Nun hab ich noch nie irgendwelche Programme fürs Handy geschrieben und hab überhaupt kein Dunst davon. Die Infos die man findet sind teilweise so unübersichtlich, weil sofot extrem weitschweifend, das ich jedes mal den Überblick verliere. Ich hab gehofft ihr könntet mir helfen um mir den Einstieg zu erleichtern.

Also ich programmier Grundsätzlich mit Eclipse. Soweit ich weiß brauch ich für Handyprogramme sowas wie JavaME? Muss ich das explizit irgendwo einstelln bei Eclipse das ich jetz ne andere Bibliothek verwenden möchte?

Und allgemein wie läuft das am ende ab? Soll ich meine Java-Datein in eine *.exe Umwandeln und diese aufs Handy spielen und dort "installieren"? Muss ich was beachten wenn das Betriebssystem Symbian ist?
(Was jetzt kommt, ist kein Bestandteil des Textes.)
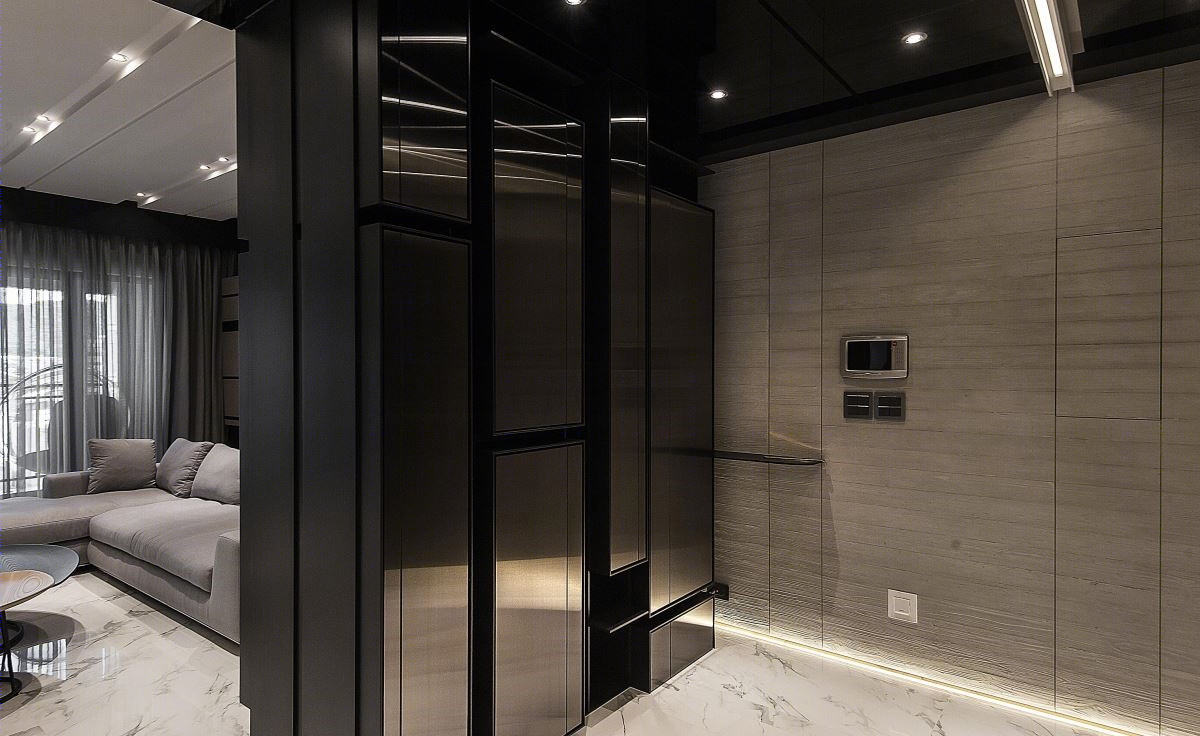 台北 65 坪时尚精工宅-1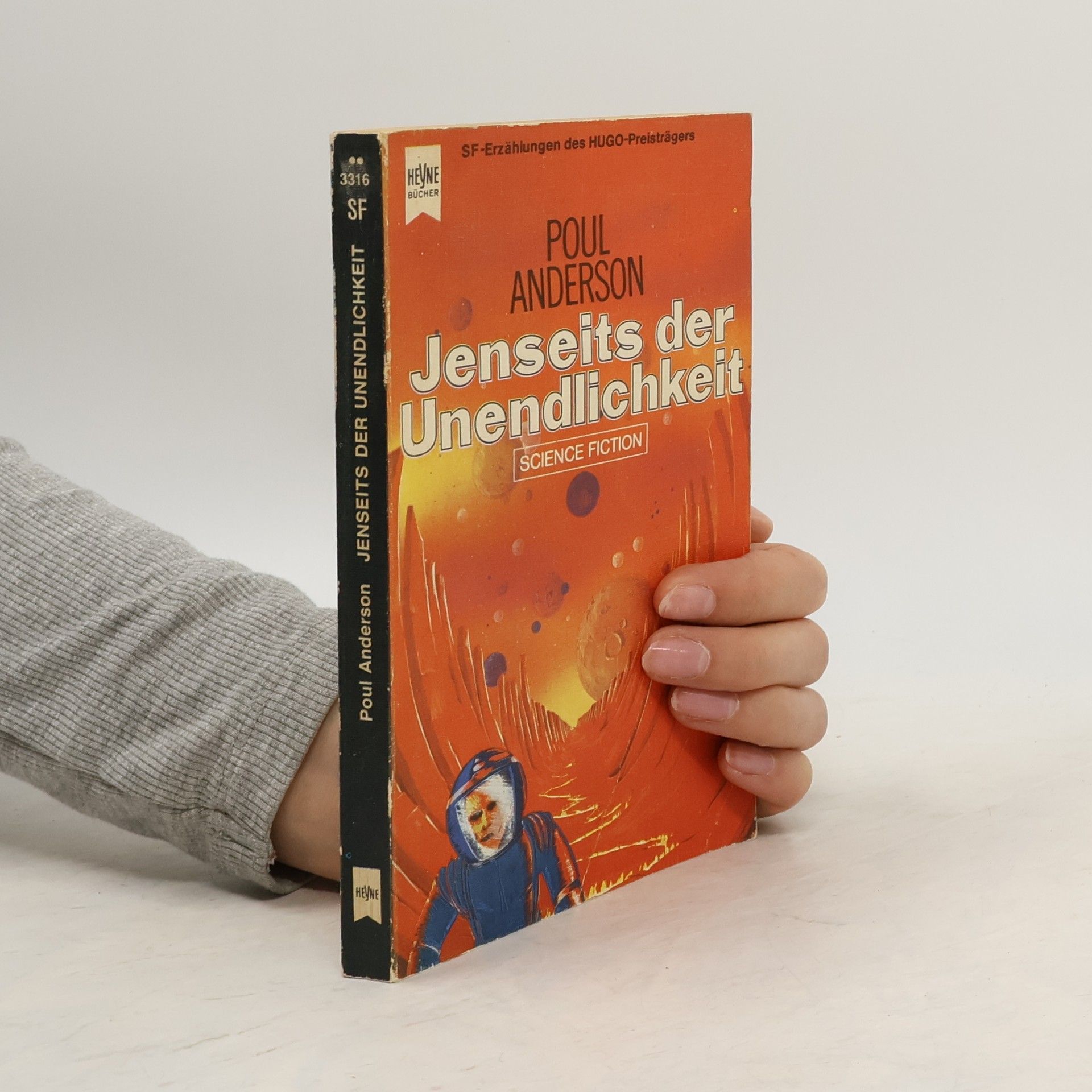 Poul Anderson Jenseits der Unendlichkeit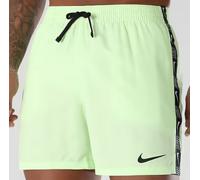 Nike - Lap - Pantaloncini da mare da pallavolo gialli da 5" con fettuccia con logo-Giallo S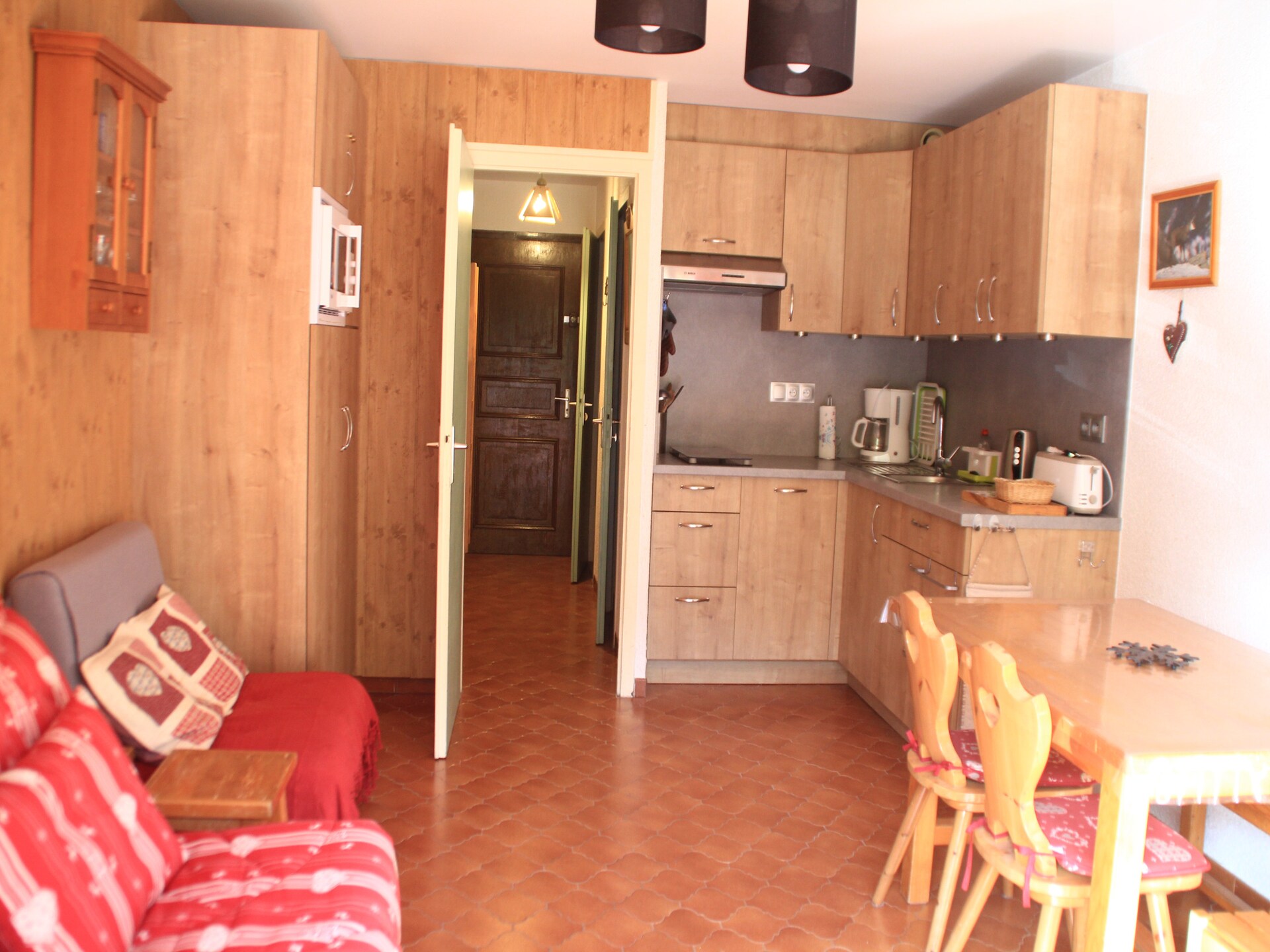 Knus appartement voor 4 bij de kabelbaan in Châtel - foto 9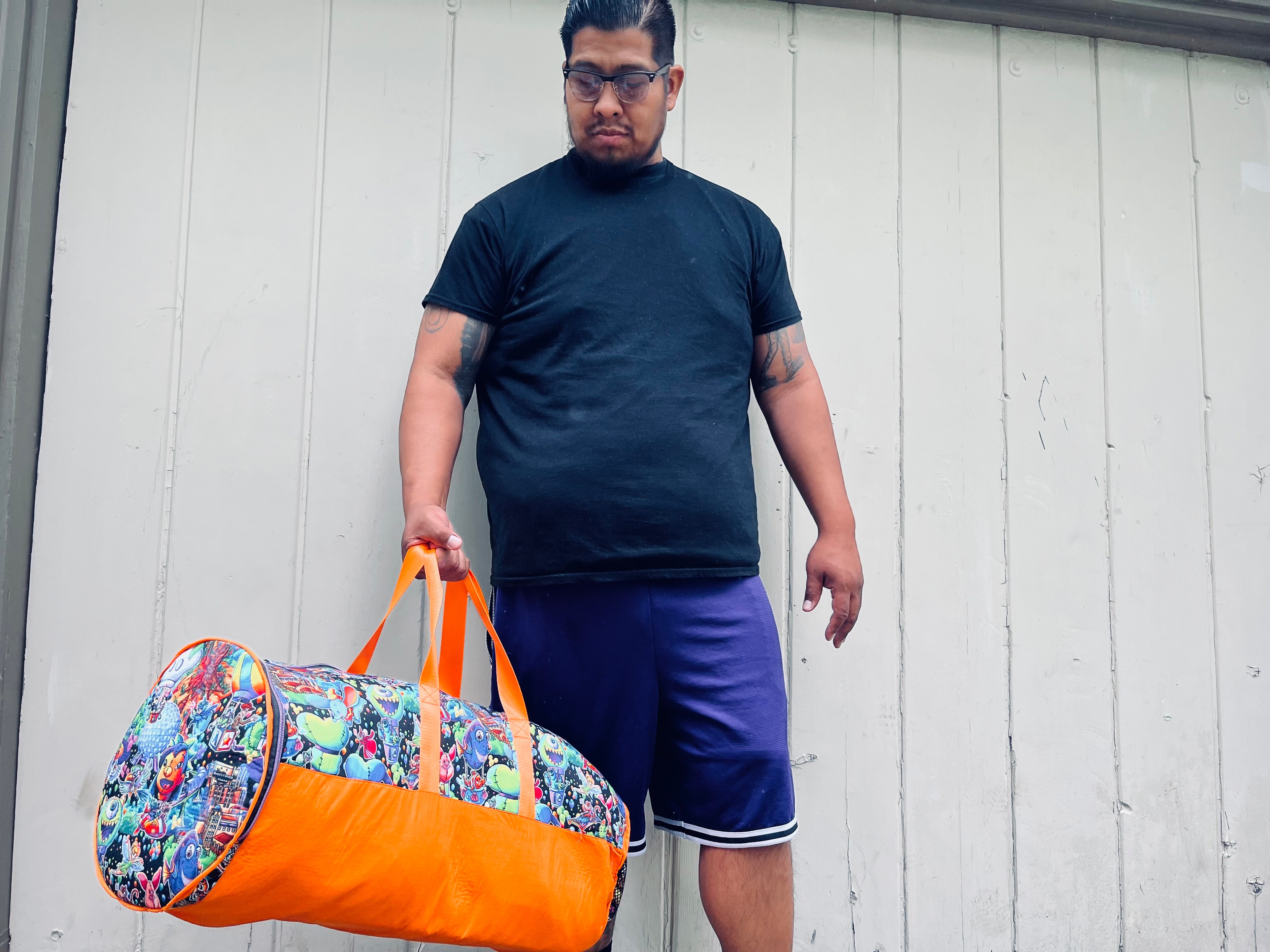 Serena Sports Duffle Bag Sewing Pattern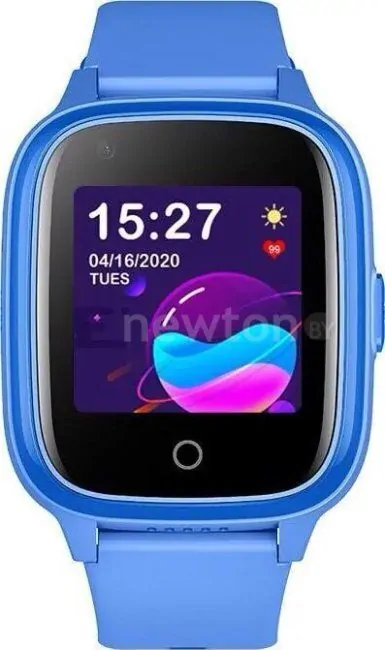 Детские умные часы Wonlex KT17 (голубой)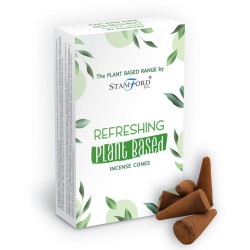 Plant-Based Incense Cones - Refreshing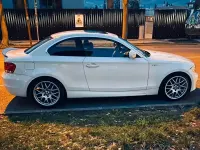 Usata BMW 125 Coupé Efficient Dynamics 218 CV (160 kW) 2013 Bianco Coupé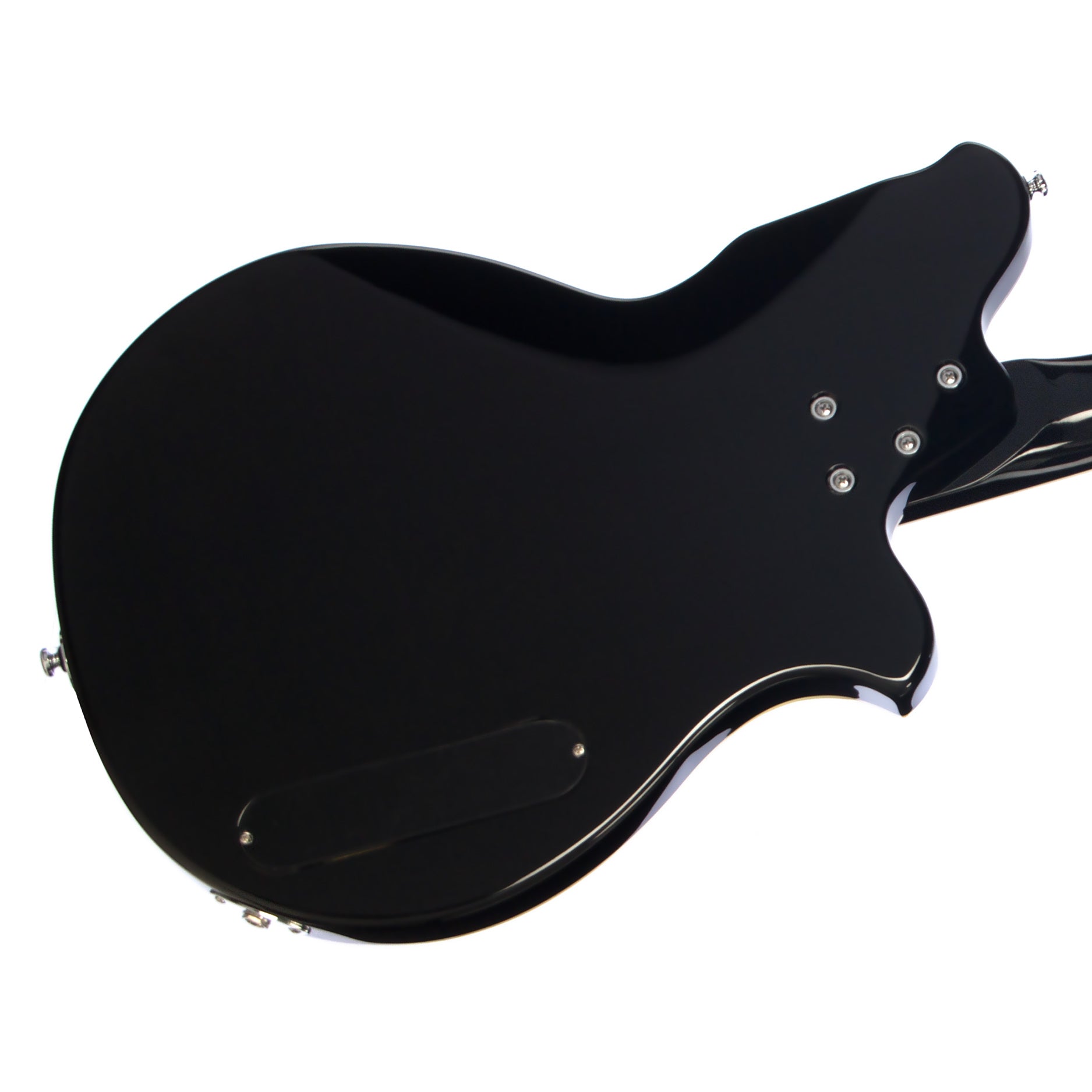 Airline Guitars MAP Bass Short Scale Black Left-Handed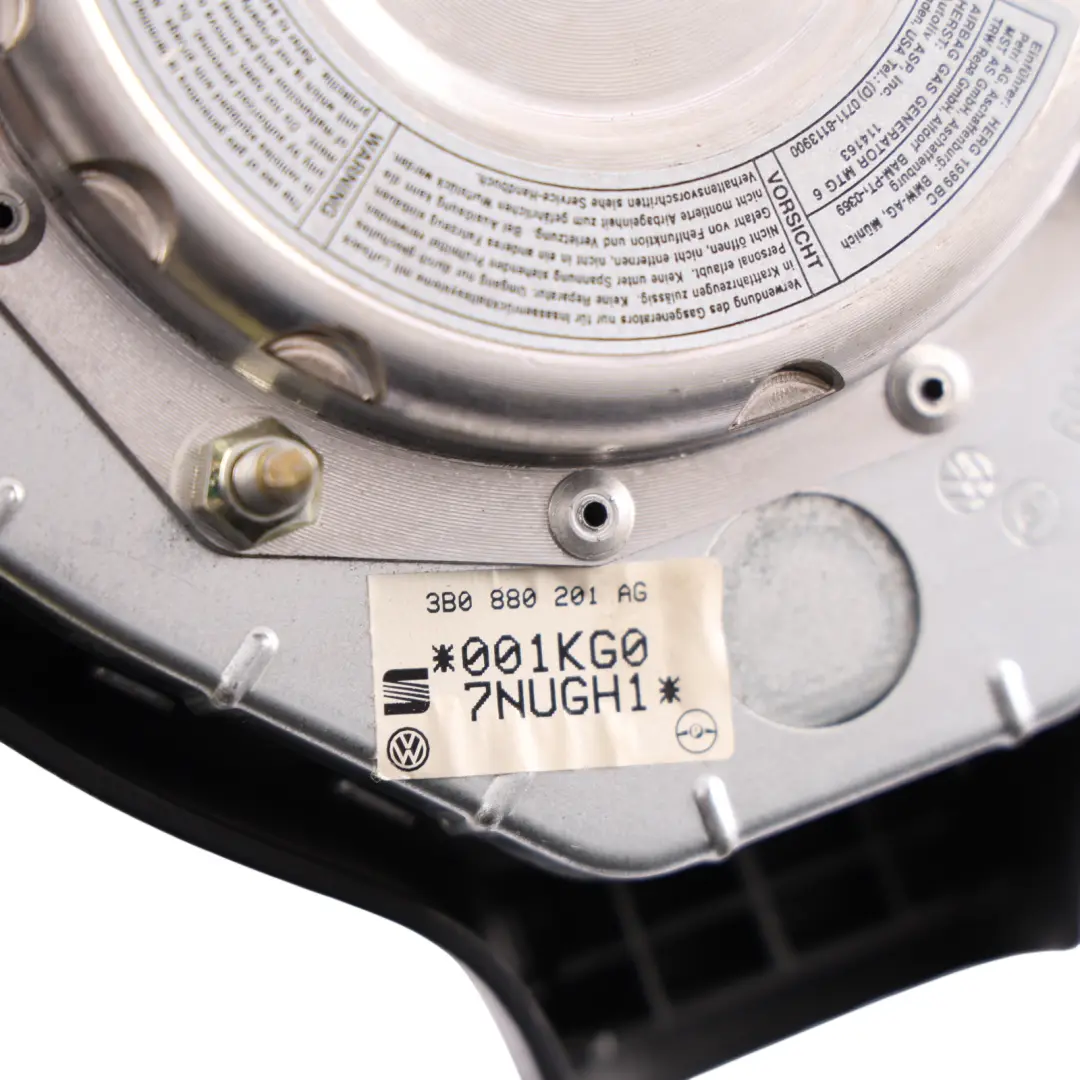 Volkswagen Golf MK4 Steering Wheel Air Module Unit Horn Button - SKU 3B0880201AG - Part number 3B0880201AG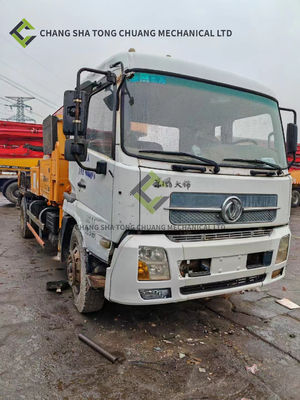 2015 सान्या भारी उद्योग SYM5165THBDD 25V8 प्रयुक्त कंक्रीट पंप ट्रक 25 मीटर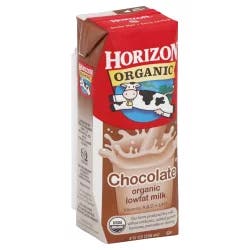 Horizon Organic Reduced Fat Chocolate Milk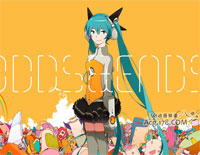 ODDS ENDS-初音ミク钢琴谱文件(五线谱、双手简谱、数字谱、Midi、PDF)免费下载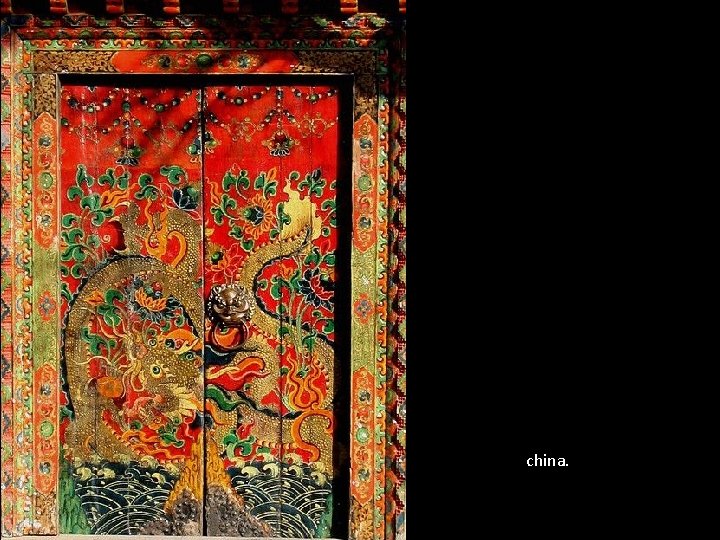 china. 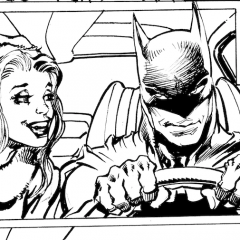 EXCLUSIVE INSIDE LOOK: Batman and Harley’s ‘Silent Night’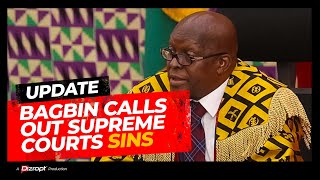 Alban Bagbin Slams Supreme Court amp Akuffo Addo In Press Conference ghanapolitics [upl. by Flodur]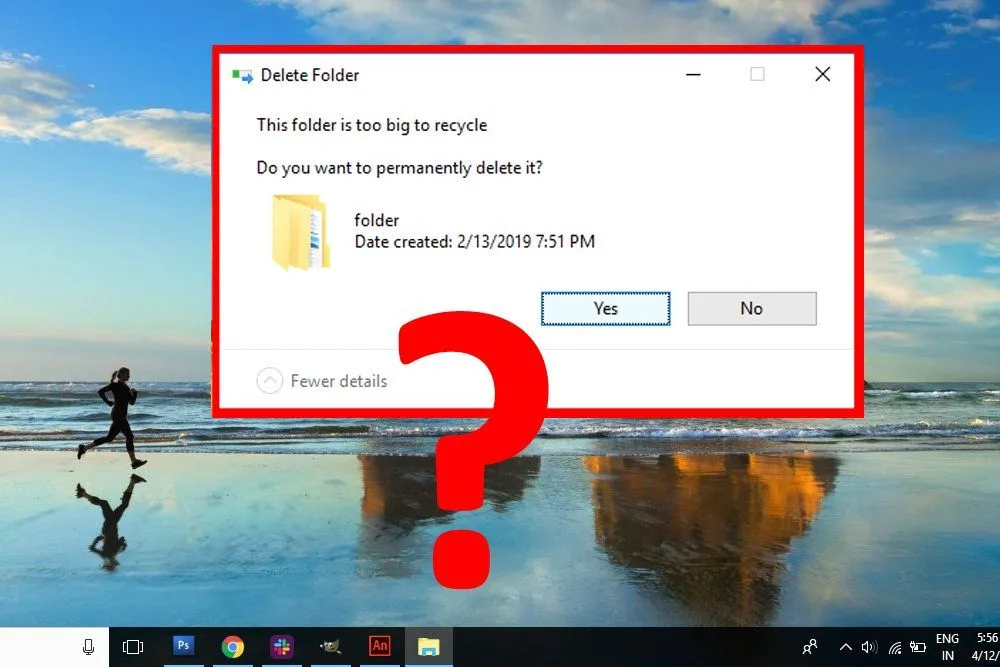 Where Do Deleted Files Go In A Computer?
Außerdem ist es ein Touchscreen Handy. Kann ich davon ausgehen das mir Symbian ein druck auf den Bildschirm als Mausklick übersetzt? :autsch:

Ach so viele Fragen und ich bin son noob... ich könnte das Programm null komma nix fürn PC schreiben aber fürs Handy... :bahnhof:

Ich hab auch schon Literatur gewälzt :rtfm: aber naja... die Fragen oben sagen ja wohl alles 

Also Vielen Dank schon mal im vorraus.
Liebe Grüße
Euer Highchiller


----------



## schlingel (11. Sep 2012)

Hat denn dein Handy überhaupt j2me?


----------



## Gast2 (11. Sep 2012)

Moin,



Highchiller hat gesagt.:


> Ach so viele Fragen und ich bin son noob... ich könnte das Programm null komma nix fürn PC schreiben aber fürs Handy... :bahnhof:



dann nutze den Moment und Lerne etwas -> Qt &mdash; Qt - A cross-platform application and UI framework

hand, mogel


----------



## Highchiller (12. Sep 2012)

Gute Frage obs j2me hat... wie find ich das raus? Wenns nicht von standard her drauf ist, wirds nich drauf sein... :/

öh... ok?
Mit diesem Qt prog ich einfach mein Programm wie gewohnt und das bricht es mir auf Handyniveau runter? Wär ja perfekt


----------



## Gast2 (12. Sep 2012)

Moin,



Highchiller hat gesagt.:


> öh... ok?
> Mit diesem Qt prog ich einfach mein Programm wie gewohnt und das bricht es mir auf Handyniveau runter? Wär ja perfekt


öh - jain. Was genau gemacht werden muss im das Programm dann auf Symbian laufen zu lassen kann ich Dir nicht sagen (mal unter qtforum.de &bull; Foren-Übersicht fragen).

Bei mir ist es so das ich das ganze für ein ARM9 System zum laufen bringen muss (Qt basierend auf embedded Linux). Schwierig dabei war nur das Toolchain zu erzeugen und zum Laufen zu bringen, das liegt bei mir aber in einer eigenen VM (basierend Kubuntu 12.04) um das Hostsystem nicht zu "zerschießen". Dann ein kleines Buildscript um die Daten vom Host (über Dateifreigabe) in die VM zu kopieren und dort durch den Toolchain-Compiler zu jagen. Das verlief bisher ohne irgend welche Probleme (funktionierte auf anhieb). Das Buildscript kopiert mir dann gleich noch das Binary (mit den anderen Daten) via SCP auf das Gerät selber. Entwickelt wird natürlich unter Linux Mint.

hand, mogel


----------